I left Brunswick after 17 months to do two things I’d never done before: 1) live in Carlton 2) with a boyfriend. Tom. WHAAAAAAAAAAAAAAT. I know. It had only taken nearly ten years.
The little house in Carlton was perfect for Tom and me. It had a private courtyard, high ceilings, a huge bay window at the front, and an archway at the entrance FILLED with dicks.
We did not notice this when we inspected the property. It was not weighing on our minds when we filled out the application. Nobody mentioned it to us when we signed the lease and picked up the keys. But on the day we moved in, after we’d already moved our third truckload of furniture into the house, our friend Matt, who was helping us move, looked up and immediately exclaimed “HAHA, COCKS.”
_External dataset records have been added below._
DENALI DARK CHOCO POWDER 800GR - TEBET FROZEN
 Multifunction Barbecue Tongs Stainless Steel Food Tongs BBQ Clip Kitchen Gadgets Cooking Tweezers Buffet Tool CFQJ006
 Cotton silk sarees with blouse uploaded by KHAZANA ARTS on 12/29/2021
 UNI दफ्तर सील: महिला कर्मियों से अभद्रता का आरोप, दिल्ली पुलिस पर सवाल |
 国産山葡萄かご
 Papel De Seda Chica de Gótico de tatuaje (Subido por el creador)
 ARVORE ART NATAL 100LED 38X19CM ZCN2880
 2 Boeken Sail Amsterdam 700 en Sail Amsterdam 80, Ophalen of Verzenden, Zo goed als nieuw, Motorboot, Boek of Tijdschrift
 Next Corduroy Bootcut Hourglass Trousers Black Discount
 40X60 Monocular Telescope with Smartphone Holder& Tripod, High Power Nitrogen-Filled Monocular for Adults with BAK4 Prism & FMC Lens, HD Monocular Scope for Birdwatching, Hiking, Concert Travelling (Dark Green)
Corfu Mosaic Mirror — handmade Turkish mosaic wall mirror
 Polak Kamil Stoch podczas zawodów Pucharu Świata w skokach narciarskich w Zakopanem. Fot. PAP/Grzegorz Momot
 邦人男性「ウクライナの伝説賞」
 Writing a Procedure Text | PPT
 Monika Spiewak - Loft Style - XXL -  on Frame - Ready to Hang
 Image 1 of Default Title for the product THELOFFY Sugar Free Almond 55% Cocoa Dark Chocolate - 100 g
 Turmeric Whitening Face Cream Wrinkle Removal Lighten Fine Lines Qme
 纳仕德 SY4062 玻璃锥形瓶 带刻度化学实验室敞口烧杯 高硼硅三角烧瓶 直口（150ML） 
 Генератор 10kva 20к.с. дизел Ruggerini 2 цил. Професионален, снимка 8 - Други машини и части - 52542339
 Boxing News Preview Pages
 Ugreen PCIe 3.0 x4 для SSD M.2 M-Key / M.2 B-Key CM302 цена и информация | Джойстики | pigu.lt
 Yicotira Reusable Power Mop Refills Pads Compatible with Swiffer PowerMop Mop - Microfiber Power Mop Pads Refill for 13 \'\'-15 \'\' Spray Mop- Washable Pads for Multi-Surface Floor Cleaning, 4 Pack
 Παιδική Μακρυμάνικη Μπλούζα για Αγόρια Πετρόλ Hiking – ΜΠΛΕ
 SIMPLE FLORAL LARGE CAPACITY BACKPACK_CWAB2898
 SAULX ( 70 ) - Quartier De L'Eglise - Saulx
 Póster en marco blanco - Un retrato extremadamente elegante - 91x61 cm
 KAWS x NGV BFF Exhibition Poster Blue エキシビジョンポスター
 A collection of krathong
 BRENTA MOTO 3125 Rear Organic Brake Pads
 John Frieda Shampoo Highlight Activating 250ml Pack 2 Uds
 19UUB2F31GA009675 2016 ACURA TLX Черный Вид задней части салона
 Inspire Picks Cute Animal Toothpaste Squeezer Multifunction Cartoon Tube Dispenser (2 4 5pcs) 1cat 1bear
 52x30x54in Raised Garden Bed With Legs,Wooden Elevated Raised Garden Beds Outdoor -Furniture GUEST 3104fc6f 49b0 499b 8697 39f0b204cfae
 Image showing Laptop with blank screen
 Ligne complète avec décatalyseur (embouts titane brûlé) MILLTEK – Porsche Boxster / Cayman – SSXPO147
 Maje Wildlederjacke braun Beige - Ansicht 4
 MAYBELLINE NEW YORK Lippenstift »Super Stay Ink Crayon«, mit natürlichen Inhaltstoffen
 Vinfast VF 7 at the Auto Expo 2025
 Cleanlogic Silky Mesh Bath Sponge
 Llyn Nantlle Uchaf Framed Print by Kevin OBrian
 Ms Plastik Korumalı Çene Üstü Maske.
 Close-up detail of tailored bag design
And lo, Wang Manor (name #1) was born.
Here’s the thing: the idea for Christopher Doesn’t Live Here Anymore came to life while I was living at Pottery Court, and there were still only 57 addresses. Back at that early stage I had no idea how I was going to finish it. But then I moved to Buckingham Phallus (name #2), and I realised I had the perfect, traditional happy ending: I’d stopped the sharehousing merry-go-round, and I lived in a little home with my partner. Everything was aces, and that’s how I was going to end it: I was chuffed as fuck and twice as smug.
So why would this blog be advertising sixty houses when clearly this is the happy ending and I’ve lived here in fairytale bliss ever since? Let me answer that question with a question: Is this your FIRST time reading this blog? Of course I moved again. Of course everything went sadly, heartbreakingly tits-up. Of course it did.

Ah, breaking up in the digital age: when even your saddest day gets a filtered Instagram photo at the intersection of “brittle” and “twee”. Millennials, am I right?
All the other sad stories in this blog have had, with the benefit of time, an emotional moat built around them. I can tell them in gloriously morbid detail without so much as a twinge. Not so this story: it hinges on something I still find quite sad. However, I am determined not to fall down a sinkhole of blues-heavy navel-gazing, nor do I want to focus on what led, once again, to me moving house because ughhhhhhh I’m not Nicholas Sparks. So I’m going to tell a happy story from my time at the Bitz-Carlton (name #3).
LUCKILY, my clearest memory is also the best. It’s about an activity we invented called “Rubenising”, borne of a habit we got into during the colder months (which, in the Taj Mahard-on [name #4] was all of them).
The bathroom at 10-inch Downing St (name #5) was small and oddly shaped. As a pair of gentlemen who were medium and oddly shaped, this made drying ourselves upon getting out of the shower a challenge. Perhaps the first solution would have been to shower separately, but shut up: it felt romantic. (Also our hot water system was the size of a Thermos, but mostly the romantic thing.)
Eventually we got into the habit of one person dashing to the bedroom, which required running past the gas heater installed in the the converted fireplace. Eventually one of us had the stroke of genius to just stop at the heater and turn it on. And so began a new ritual.
After we showered, we would race to the heater, and dry ourselves there, letting the heat assist the process. Over time, “vigorously drying ourselves in front of the heater” became “half-heartedly drying ourselves in front of the heater”. This in turn became “standing in front of the heater hardly moving at all” and eventually we gave up the pretence of even attempting to dry ourselves: we would simply lay out our towels on the carpet and lie on top of them, butt naked, and let the heater do our drying and warming for us. We became so reliant on this process we started factoring it into our “getting ready” time when we had to leave the house.
On one occasion Tom used the adjective “Rubenesque” to describe our nude, wet resplendence, which led to the verb “Rubenising”. This, in turn, led to the rule that you weren’t allowed to Rubenise unless you sang “Rubeniser, Rubeniser, Rubeniser” while you did it. Was there a melody to this song? OF COURSE THERE WAS.
I will always be a little bit sad that I had to leave The Hanging Gardens of Grab-a-schlong (name #6); not least of all for the reason I had to leave. But the time I spent there was pure joy from start to (just before the) finish, and I’m choosing to focus on that.
And while I was, for a long time, disappointed that I didn’t have the neat ending for this series of stories that I wanted—so much so that I did, for longer than I’m willing to admit, give up the idea of writing them altogether—I did learn a valuable lesson. Simply: you’re never at the end.
dicks, and bacon
Dicks, bacon AND coffee beans. I mean. That’s the trifecta.